Biasing in electronics means establishing predetermined voltages or currents at various points of an electronic circuit for the purpose of establishing proper operating conditions in electronic components. Many electronic devices such as transistors and vacuum tubes, whose function is processing time-varying (AC) signals also require a steady (DC) current or voltage to operate correctly — a bias. The AC signal applied to them is superposed on this DC bias current or voltage. The operating point of a device, also known as bias point, quiescent point, or Q-point, is the steady-state (DC) voltage or current at a specified terminal of an active device (a transistor or vacuum tube) with no input signal applied. A bias circuit is a portion of the device's circuit which supplies this steady current or voltage.
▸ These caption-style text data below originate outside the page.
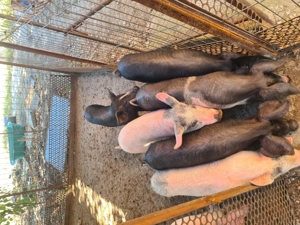 Vand purcei pietrean cu marele alb - imagine 4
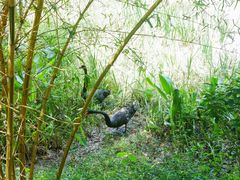 -广州白江湖森林公园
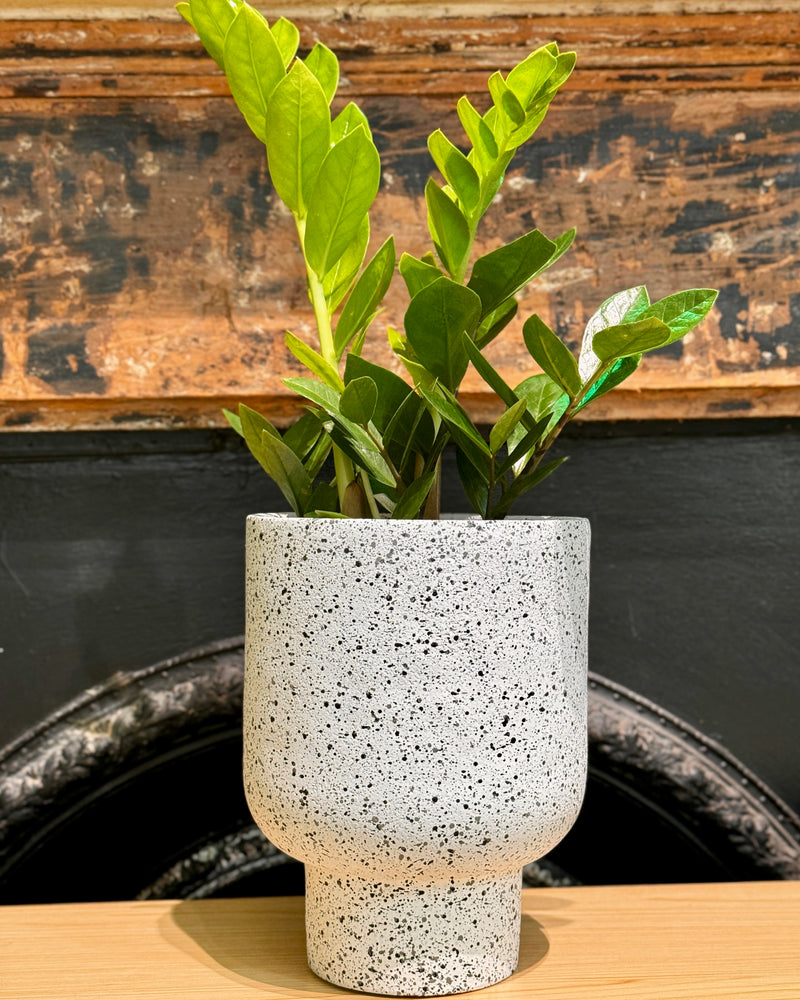 Amalfi Terrazzo Planter Pot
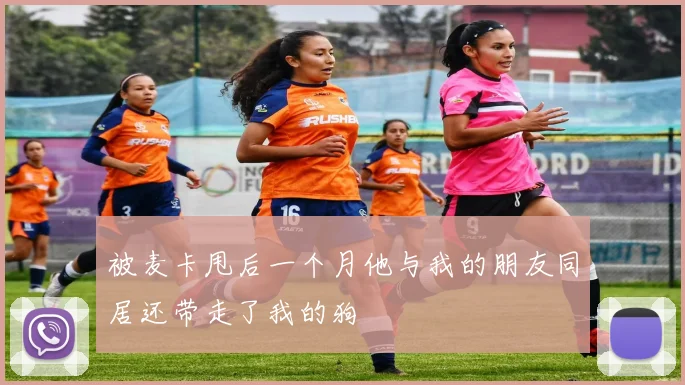 被麦卡甩后一个月他与我的朋友同居还带走了我的狗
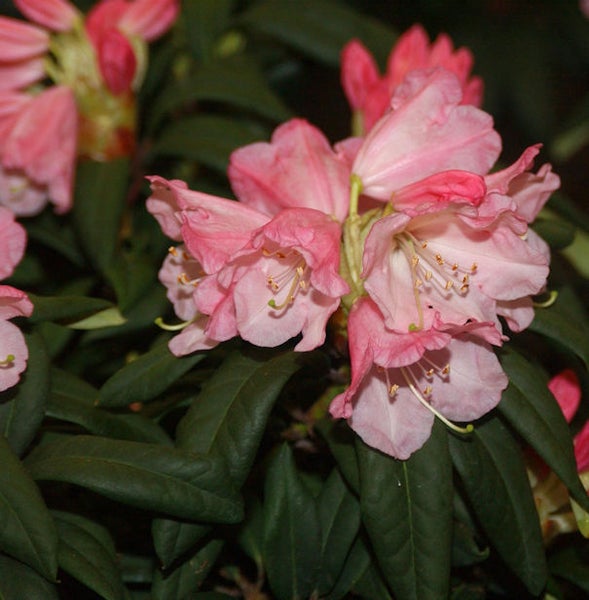 Nahaufnahme einer Rhododendronblüte mit Blättern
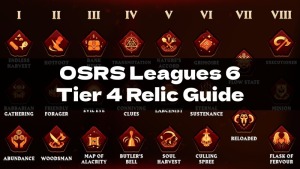 rsorder company 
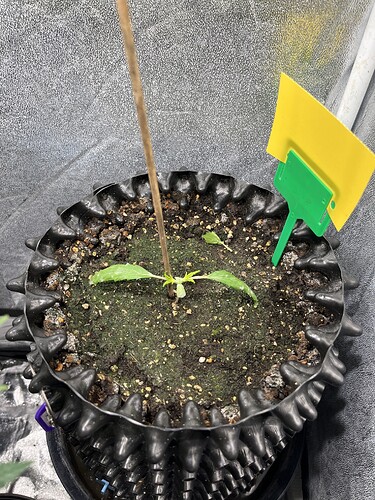 Growreport Bild 3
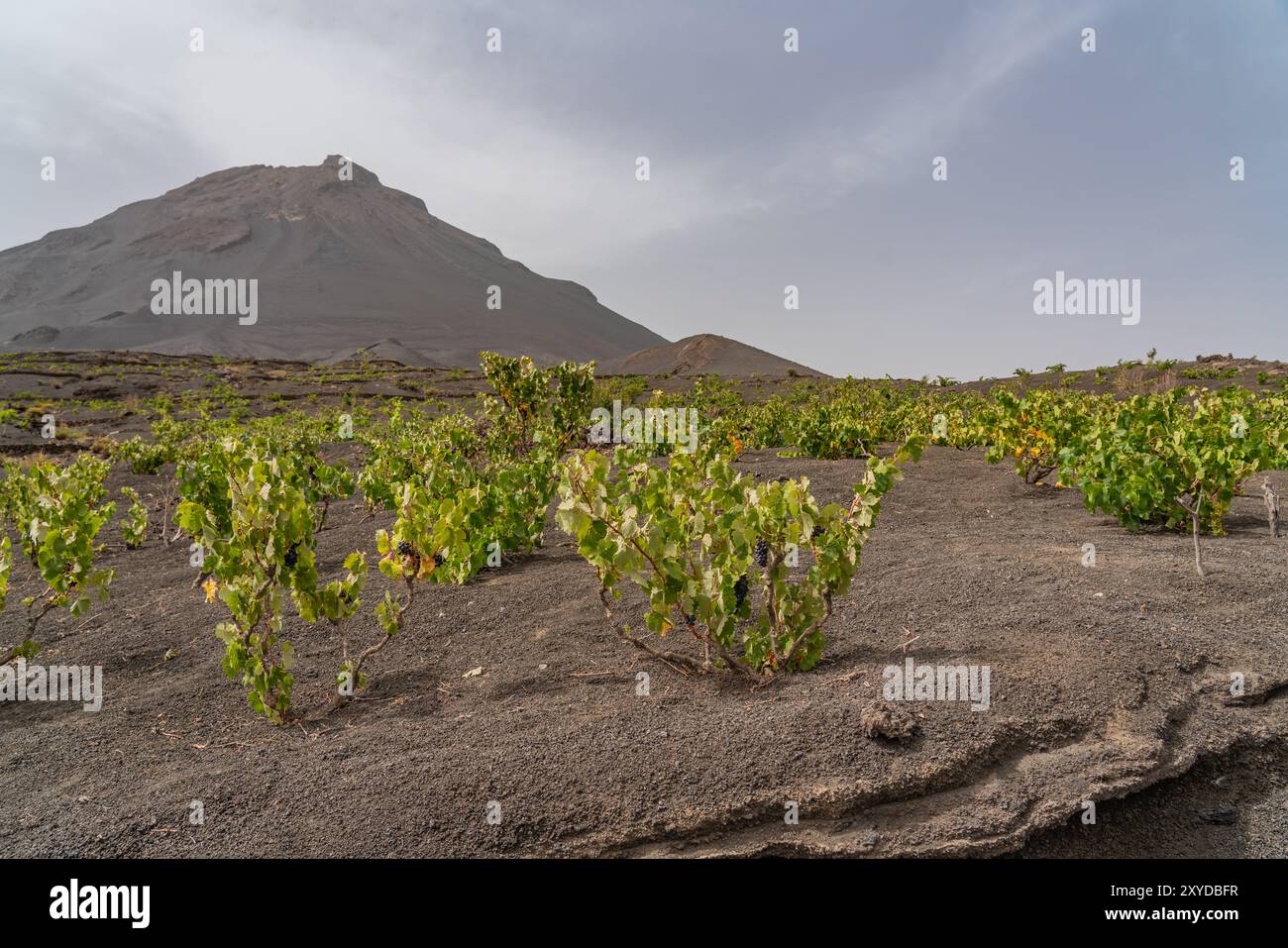 Wine plants in Lava field at the Crater from Pico do Fogo in Cha das ...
The term is also used for an alternating current (AC) signal applied to some electronic devices which is similarly required for correct operation, such as the tape bias signal applied to magnetic recording heads used in magnetic tape recorders.

Overview

In electronic engineering, the term bias has the following meanings:

  1. A systematic deviation of a value from a reference value.
  2. The amount by which the average of a set of values departs from a reference value.
  3. Electrical, mechanical, magnetic, or other force (field) applied to a device to establish a reference level to operate the device.
  4. In telegraph signaling systems, the development of a positive or negative DC voltage at a point on a line that should remain at a specified reference level, such as zero.
Note: A bias may be applied or produced by (i) the electrical characteristics of the line, (ii) the terminal equipment, and (iii) the signaling scheme.[1]

In electronics, bias usually refers to a fixed DC voltage or current applied to a terminal of an electronic component such as a diode, transistor or vacuum tube in an circuit in which alternating current (AC) signals are also present, in order to establish proper operating conditions for the device. For example, a bias voltage is applied to a transistor in an electronic amplifier to allow the transistor to operate in a particular region of its transconductance curve. For vacuum tubes, a grid bias voltage is often applied to the grid electrodes for the same reason.

In magnetic tape recording, the term bias is also used for a high-frequency signal added to the audio signal applied to the recording head, to improve the quality of the recording on the tape. This is called tape bias.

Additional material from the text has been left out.